* _Dataset extract_
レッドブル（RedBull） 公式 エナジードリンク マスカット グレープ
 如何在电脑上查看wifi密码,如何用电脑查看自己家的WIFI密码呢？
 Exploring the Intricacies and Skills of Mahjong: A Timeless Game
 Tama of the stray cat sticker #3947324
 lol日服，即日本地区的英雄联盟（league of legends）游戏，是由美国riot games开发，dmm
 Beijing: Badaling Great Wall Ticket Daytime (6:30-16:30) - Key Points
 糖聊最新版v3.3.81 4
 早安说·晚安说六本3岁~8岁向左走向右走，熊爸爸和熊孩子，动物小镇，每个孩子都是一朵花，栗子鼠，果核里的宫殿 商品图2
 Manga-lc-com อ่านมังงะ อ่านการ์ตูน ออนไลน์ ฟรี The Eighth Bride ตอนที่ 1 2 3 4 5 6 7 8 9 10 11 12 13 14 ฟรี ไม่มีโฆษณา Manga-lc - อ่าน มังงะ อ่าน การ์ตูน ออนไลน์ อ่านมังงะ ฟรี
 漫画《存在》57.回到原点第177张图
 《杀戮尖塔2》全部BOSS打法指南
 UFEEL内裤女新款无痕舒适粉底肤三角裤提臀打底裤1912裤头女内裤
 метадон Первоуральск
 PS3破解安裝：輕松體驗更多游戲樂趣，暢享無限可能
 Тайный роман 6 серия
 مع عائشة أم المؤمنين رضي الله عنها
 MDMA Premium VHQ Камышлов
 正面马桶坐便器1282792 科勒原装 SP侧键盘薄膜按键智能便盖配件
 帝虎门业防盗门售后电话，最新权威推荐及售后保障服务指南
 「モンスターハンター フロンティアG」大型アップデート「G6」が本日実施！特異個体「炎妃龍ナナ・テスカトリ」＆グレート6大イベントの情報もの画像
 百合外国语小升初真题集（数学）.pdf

* _Task description_
Everything from the line containing "漫画《存在》57.回到原点第177张图" through the final line of the entries is to be written out exactly. No other lines belong in the answer.

* _Answer space_
 漫画《存在》57.回到原点第177张图
 《杀戮尖塔2》全部BOSS打法指南
 UFEEL内裤女新款无痕舒适粉底肤三角裤提臀打底裤1912裤头女内裤
 метадон Первоуральск
 PS3破解安裝：輕松體驗更多游戲樂趣，暢享無限可能
 Тайный роман 6 серия
 مع عائشة أم المؤمنين رضي الله عنها
 MDMA Premium VHQ Камышлов
 正面马桶坐便器1282792 科勒原装 SP侧键盘薄膜按键智能便盖配件
 帝虎门业防盗门售后电话，最新权威推荐及售后保障服务指南
 「モンスターハンター フロンティアG」大型アップデート「G6」が本日実施！特異個体「炎妃龍ナナ・テスカトリ」＆グレート6大イベントの情報もの画像
 百合外国语小升初真题集（数学）.pdf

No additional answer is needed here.